A nova constituição da cúria romana, 'Pregai o Evangelho' parte do princípio que o poder da Igreja emana da denominada missão canônica e não do sacramento da ordem.
Por Edson Luiz Sampel
“Com o ajutório de leigos qualificados, os clérigos disporão de mais tempo para se dedicar à cura de almas, vale dizer, às funções típicas do ministério sacerdotal: batizados, celebração de missas, oitiva de confissões, casamentos, exéquias, condução de paróquias etc.”
Aos 5 de junho de 2022 entrou em vigor a nova constituição da cúria romana, "Pregai o Evangelho". A referida lei, elaborada pelo papa Francisco, traz mudança profunda no governo eclesiástico porque parte do princípio de que o poder na Igreja emana da denominada missão canônica (espécie de mandato) e não do sacramento da ordem (restrito aos padres e bispos). Assim, os leigos também podem exercer cargos importantes na Igreja. De fato, estabelece o número 5 dos Princípios e Critérios para o Atendimento da Cúria Romana: "Caráter de vigário da cúria romana. Cada instituição curial cumpre sua missão em virtude do poder recebido do pontífice romano, em cujo nome opera com poder vicário no exercício do seu múnus primacial. Por esta razão, qualquer fiel pode presidir um dicastério ou organismo, dada a particular competência, poder de governo e função deste último." Observe-se a frase "qualquer fiel". Deveras, os leigos estão incluídos.
O renomado canonista pe. Guirlanda, SJ, afirma que a "Pregai o Evangelho" confirma a tese de que o poder na Igreja não está atrelado ao sacramento da ordem, isto é, circunscrito principalmente a padres e bispos; o sumo pontífice outorga a missão (missio canonica) a quem lhe aprouver. Espera-se que ao menos o dicastério que trata dos assuntos afetos ao laicato seja doravante presidido por um leigo.
Todavia, à luz da novíssima legislação, nada impede que até mesmo a Congregação para a Doutrina da Fé, um dos mais importantes dicastérios a serviço do papa, seja também conduzido por um leigo.
De qualquer forma, a constituição em apreço não transformará apenas a realidade da cúria romana, pois, consoante o adágio jurídico, o mais se aplica igualmente no menos. Neste diapasão, decerto as cúrias diocesanas outrossim passarão a contar com mais leigos em postos-chaves. Quem sabe um leigo como vigário judicial, ou seja, presidente de um tribunal eclesiástico?!

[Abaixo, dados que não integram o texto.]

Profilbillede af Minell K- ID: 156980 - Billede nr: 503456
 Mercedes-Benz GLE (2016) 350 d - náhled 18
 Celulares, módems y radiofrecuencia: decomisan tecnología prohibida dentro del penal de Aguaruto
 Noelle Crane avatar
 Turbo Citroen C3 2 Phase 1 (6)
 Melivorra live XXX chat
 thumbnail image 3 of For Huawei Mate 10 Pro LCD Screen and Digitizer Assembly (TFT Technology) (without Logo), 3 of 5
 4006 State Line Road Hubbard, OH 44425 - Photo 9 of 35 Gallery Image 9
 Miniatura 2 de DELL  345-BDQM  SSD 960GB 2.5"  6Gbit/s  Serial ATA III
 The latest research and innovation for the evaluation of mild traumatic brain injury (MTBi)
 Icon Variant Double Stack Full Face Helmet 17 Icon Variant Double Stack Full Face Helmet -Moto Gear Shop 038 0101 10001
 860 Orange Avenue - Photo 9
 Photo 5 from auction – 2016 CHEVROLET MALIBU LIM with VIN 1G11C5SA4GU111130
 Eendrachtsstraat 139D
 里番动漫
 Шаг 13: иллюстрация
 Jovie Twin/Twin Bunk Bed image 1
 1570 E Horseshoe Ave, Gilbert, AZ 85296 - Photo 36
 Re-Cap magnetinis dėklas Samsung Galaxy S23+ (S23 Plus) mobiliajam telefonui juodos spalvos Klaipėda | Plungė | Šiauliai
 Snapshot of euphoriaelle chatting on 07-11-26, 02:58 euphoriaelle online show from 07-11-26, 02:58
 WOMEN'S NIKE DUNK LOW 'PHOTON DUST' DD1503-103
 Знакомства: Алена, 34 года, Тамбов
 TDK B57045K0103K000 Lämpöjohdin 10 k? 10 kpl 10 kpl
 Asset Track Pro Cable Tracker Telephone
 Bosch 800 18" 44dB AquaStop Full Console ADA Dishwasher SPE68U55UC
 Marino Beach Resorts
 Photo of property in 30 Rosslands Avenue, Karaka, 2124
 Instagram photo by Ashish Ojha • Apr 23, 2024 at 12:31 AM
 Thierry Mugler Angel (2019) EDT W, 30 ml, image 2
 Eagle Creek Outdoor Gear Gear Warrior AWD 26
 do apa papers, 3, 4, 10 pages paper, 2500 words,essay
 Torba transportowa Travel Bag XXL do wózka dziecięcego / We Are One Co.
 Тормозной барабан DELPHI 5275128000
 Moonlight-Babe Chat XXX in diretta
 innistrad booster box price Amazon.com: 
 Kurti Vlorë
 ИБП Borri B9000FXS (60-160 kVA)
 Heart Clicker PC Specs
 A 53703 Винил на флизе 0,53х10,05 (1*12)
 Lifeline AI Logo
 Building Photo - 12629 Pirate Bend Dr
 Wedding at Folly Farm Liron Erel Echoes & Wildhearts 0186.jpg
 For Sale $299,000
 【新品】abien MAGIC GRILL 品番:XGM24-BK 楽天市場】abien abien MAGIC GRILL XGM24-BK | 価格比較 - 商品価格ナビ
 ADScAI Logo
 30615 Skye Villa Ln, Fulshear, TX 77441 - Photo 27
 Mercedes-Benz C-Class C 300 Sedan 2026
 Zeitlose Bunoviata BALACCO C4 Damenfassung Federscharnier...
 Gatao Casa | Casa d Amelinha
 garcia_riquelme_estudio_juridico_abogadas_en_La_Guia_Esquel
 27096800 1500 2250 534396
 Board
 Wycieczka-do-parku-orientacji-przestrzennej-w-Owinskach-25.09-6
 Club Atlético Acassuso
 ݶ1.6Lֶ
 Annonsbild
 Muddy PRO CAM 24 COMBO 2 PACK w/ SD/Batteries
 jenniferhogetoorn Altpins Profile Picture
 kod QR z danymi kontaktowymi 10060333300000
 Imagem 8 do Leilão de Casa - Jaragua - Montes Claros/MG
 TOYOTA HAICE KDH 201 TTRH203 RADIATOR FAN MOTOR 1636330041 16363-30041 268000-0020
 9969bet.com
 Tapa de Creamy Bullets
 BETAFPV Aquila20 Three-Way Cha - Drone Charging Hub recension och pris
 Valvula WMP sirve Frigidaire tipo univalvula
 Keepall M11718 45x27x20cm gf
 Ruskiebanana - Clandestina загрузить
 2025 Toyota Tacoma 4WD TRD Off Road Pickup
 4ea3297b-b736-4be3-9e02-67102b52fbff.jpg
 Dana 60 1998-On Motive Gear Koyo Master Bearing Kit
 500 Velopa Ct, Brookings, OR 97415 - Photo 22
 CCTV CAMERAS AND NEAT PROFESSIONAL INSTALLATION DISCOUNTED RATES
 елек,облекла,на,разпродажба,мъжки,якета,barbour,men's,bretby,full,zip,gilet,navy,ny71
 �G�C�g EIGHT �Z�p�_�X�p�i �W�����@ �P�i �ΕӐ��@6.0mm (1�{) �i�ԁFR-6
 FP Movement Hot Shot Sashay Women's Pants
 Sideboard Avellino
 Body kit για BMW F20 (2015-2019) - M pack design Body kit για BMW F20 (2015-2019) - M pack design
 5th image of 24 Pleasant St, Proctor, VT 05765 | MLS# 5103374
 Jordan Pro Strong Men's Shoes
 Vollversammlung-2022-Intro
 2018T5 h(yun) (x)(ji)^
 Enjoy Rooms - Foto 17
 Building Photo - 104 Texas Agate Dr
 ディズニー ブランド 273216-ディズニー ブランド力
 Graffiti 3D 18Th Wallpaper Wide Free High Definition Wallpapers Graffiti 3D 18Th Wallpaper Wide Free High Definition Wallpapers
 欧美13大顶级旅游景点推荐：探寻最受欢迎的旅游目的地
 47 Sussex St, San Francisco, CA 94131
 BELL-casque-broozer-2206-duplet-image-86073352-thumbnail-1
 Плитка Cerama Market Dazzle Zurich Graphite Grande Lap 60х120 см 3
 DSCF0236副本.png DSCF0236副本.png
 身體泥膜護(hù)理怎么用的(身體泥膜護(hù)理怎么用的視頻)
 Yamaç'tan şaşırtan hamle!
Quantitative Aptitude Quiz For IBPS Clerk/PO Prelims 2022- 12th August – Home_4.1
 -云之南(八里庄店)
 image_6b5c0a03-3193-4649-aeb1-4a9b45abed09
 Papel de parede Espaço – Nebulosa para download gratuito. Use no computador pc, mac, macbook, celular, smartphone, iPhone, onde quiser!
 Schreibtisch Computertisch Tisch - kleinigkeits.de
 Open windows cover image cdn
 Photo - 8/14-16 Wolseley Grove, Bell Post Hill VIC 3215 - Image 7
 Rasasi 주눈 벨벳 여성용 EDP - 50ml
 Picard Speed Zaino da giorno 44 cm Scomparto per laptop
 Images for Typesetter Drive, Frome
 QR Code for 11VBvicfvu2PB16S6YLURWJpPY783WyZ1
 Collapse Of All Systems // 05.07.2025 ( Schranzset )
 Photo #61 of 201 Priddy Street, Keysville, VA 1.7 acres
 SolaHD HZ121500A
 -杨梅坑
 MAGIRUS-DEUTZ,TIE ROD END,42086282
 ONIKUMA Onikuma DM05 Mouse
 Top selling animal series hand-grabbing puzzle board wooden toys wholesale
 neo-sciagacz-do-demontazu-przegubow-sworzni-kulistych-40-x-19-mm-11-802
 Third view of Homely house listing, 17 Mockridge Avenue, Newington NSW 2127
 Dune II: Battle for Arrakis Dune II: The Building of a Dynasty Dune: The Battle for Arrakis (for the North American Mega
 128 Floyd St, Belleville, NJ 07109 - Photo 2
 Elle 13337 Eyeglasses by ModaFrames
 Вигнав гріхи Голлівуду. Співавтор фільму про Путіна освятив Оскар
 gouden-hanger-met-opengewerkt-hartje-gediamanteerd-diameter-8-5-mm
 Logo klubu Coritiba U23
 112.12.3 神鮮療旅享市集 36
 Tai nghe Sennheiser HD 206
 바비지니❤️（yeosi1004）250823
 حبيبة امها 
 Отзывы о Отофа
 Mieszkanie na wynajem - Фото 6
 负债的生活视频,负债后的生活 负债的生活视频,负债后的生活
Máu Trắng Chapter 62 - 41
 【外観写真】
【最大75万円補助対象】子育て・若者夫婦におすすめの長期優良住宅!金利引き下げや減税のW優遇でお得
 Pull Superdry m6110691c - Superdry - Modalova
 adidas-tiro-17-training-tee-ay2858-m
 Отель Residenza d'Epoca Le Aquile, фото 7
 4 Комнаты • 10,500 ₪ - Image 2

Cuido que o papa Francisco queira combater dois abomináveis vezos que infeccionam o grêmio da Igreja: o clericalismo e o carreirismo. A propósito, várias vezes, o santo padre tem denunciado essas mazelas, as quais descaracterizam a própria finalidade da sociedade fundada por nosso Senhor.
Com o ajutório de leigos qualificados, os clérigos disporão de mais tempo para se dedicar à cura de almas, vale dizer, às funções típicas do ministério sacerdotal: batizados, celebração de missas, oitiva de confissões, casamentos, exéquias, condução de paróquias etc. Na verdade, é exatamente destes bens espirituais inestimáveis que o povo de Deus precisa para sua salvação!
Saudemos o amantíssimo papa Francisco por mais um corajoso ato, que não enfraquece a Igreja, pelo contrário, fortalece-a, colocando-a cada vez mais em estrita adequação aos parâmetros delineados no maravilhoso Concílio Vaticano II.